Safe compiler-driven transaction checkpointing and recovery

  • Authors:
  • Jaswanth Sreeram;Santosh Pande

  • Affiliations:
  • Intel Labs, Santa Clara, CA, USA;Georgia Institute of Technology, Atlanta, GA, USA

  • Venue:
  • Proceedings of the ACM international conference on Object oriented programming systems languages and applications
  • Year:
  • 2012

Quantified Score

Hi-index 0.00

Visualization

Abstract

Several studies have shown that a large fraction of the work performed inside memory transactions in representative programs is wasted due to the transaction experiencing a conflict and aborting. Aborts inside long running transactions are especially influential to performance and the simplicity of the TM programming model (relative to using finegrained locking) in synchronizing large critical sections means that large transactions are common and this exacerbates the problem of wasted work. In this paper we present a practical transaction checkpoint and recovery scheme in which transactions that experience a conflict can restore their state (including the local context in which they were executing) to some dynamic program point before this access and begin execution from that point. This state saving and restoration is implemented by checkpoint operations that are generated by a compiler into the transaction's body and are also optimized to reduce the amount of state that is saved and restored.
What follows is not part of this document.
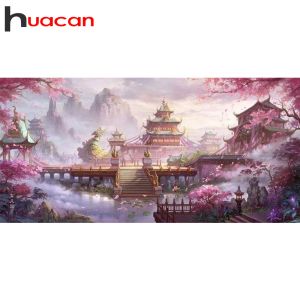 Stitch Huacan 5d DIY Diamond Broderie Full Square / House Round Mountain Mosaic Diamond Painting Sakura Flower Landscape Wall Decor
We also describe a runtime system that manages these checkpointed states and orchestrates the restoration of the right checkpointed state for a conflict on a particular transactional access. Moreover the synthesis of these save and restore operations, their optimization and invocation at runtime are completely transparent to the programmer. We have implemented the checkpoint generation and optimization scheme in the LLVM compiler and runtime support for the TL2 STM system. Our experiments indicate that for many parallel programs using such checkpoint recovery schemes can result in upto several orders of magnitude reduction in number of aborts and significant execution time speedups relative to plain transactional programs for the same number of threads.